Cecelia Irving ladeó su cabecita, pensativa por un momento.

—Tía Sutton, Lance, Cecelia quiere montar en el tiovivo.

Por alguna razón, Zara Sutton sintió ganas de reír y llorar al mismo tiempo.

Lance Langley era un niño grande de corazón, Zara Sutton tenía experiencia cuidando de un hermano pequeño y Cecelia era una niña lista que no era tímida con los extraños.

Los tres congeniaron de inmediato.

Julián Lancaster permaneció completamente quieto, trabajando en su portátil, y solo de vez en cuando levantaba la vista con una expresión impasible hacia la alegre escena que tenía delante.

«Zara Sutton es muy meticulosa, constantemente pendiente de la seguridad en el parque.

Parece una joven madre competente».

«Me pregunto qué afortunado se casará con ella algún día, y si será capaz de manejar que sea tan fría y distante en público, y a la vez tan salvaje en la cama».

De repente, a Julián Lancaster se le quitaron todas las ganas de trabajar.

Se acercó con un vaso de agua y se lo entregó a Zara Sutton sin decir una palabra.

Zara Sutton no dudó, entreabrió sus labios rojos para beber la mitad del vaso antes de devolvérselo con naturalidad.

Julián Lancaster lo tomó y luego le dio un pañuelo de papel para que se limpiara la boca.

Tanto Lance Langley como la niñera se quedaron mirando, un poco atónitos.

«El Presidente Lancaster no parecía el tipo de hombre que sirviera a nadie».

Lance Langley se rascó la cabeza.

«Entonces, ¿debería pensar en positivo?

La Señorita Zara está a punto de triunfar a lo grande».

«Sea como sea, no puedo ser yo quien la frene».

Lance Langley desvió deliberadamente la mirada hacia los dos guardaespaldas.

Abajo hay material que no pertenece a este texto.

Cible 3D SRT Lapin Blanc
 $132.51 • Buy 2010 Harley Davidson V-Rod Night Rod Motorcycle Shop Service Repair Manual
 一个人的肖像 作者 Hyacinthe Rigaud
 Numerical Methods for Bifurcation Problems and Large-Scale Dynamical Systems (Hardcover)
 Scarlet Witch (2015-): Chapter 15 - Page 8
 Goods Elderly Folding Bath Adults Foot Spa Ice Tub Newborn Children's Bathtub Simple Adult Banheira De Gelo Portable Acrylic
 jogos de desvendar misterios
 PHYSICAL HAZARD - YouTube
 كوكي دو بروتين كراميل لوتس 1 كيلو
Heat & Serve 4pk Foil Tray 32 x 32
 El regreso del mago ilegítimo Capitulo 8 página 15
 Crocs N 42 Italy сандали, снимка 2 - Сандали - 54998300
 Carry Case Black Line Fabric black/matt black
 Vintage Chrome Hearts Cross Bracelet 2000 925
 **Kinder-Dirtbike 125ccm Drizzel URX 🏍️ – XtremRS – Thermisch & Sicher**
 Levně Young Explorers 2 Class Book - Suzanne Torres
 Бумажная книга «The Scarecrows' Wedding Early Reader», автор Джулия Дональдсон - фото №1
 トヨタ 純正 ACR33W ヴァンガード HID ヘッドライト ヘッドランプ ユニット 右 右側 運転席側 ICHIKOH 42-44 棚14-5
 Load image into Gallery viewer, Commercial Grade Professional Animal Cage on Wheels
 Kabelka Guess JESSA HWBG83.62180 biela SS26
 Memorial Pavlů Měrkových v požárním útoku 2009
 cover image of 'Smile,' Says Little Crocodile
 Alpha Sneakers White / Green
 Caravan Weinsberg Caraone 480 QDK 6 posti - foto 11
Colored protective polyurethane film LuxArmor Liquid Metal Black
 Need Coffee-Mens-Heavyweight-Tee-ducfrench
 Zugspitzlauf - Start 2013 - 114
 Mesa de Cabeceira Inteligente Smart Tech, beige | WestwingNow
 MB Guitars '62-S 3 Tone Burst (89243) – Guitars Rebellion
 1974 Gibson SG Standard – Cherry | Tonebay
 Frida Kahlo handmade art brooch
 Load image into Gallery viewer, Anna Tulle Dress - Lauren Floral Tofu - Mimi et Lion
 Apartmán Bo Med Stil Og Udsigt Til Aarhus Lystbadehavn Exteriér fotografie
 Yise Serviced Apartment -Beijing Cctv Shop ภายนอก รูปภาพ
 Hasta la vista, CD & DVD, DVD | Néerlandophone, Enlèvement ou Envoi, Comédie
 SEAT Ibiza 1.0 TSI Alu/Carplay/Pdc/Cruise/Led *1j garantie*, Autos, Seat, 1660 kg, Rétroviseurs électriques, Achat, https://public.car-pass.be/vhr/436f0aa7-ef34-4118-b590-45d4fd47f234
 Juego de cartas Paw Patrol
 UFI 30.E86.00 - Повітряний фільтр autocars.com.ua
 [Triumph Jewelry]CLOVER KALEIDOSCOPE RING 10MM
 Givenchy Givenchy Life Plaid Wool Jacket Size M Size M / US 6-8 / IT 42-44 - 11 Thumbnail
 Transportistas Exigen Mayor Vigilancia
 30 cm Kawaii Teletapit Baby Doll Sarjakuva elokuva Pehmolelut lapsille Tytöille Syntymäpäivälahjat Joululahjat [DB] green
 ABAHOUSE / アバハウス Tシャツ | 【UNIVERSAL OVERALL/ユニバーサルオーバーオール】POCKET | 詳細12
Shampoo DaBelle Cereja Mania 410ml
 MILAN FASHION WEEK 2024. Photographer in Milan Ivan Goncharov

—Oigan, amigos, están bastante musculosos.

¿Les importa si los aprieto un poco?

Zara Sutton le lanzó una mirada fulminante a Lance Langley.

«Con semejantes dotes de actor, ¿cómo es que lo eligieron para el papel protagonista?

¿Van a despellejarlo vivo los fans de la novela original antes de que tenga la oportunidad de hacerse famoso?».

Justo cuando pensaba esto, llamó el agente de Lance Langley.

La voz del hombre era tan alta que Zara Sutton pudo oírlo desde medio metro de distancia.

—¡Mocoso con suerte!

Esto es una bendición inesperada.

Nos ha contactado una agencia de publicidad.

Te envío el contrato ahora mismo…
Zara Sutton oyó vagamente la palabra «Horizonte», y el nombre «Peyton Vance» apareció de inmediato en su mente.

—Envíame una copia del contrato a mí también —dijo por instinto.

La palabra «De acuerdo» murió en la garganta de Lance Langley mientras miraba de reojo a Julián Lancaster.

«Hace un momento, estaba manteniendo deliberadamente la distancia con Zara, sin atreverme siquiera a hablarle.

Todo porque temía que este magnate intimidador se hiciera una idea equivocada y la maltratara».

Efectivamente, Julián Lancaster arrastró las palabras con sarcasmo: —¿Haciendo de agente en tus ratos libres?

—Esperaba que el Presidente Lancaster pudiera ayudar al Presidente Vance a revisar la oferta —replicó Zara Sutton—.

Al fin y al cabo, es la agencia de publicidad de su amigo la que de repente se ha interesado por Lance Langley.

Cualquiera podía oír la indirecta en las palabras de Zara Sutton.

Lance Langley lo entendió al instante.

«No puedo aceptar este trato.

Debe de ser una de las otras mujeres del Presidente Lancaster intentando llegar a Zara Sutton a través de mí».

Julián Lancaster sostuvo el mismo vaso que Zara Sutton acababa de usar, bebió un sorbo de agua y dijo: —De acuerdo.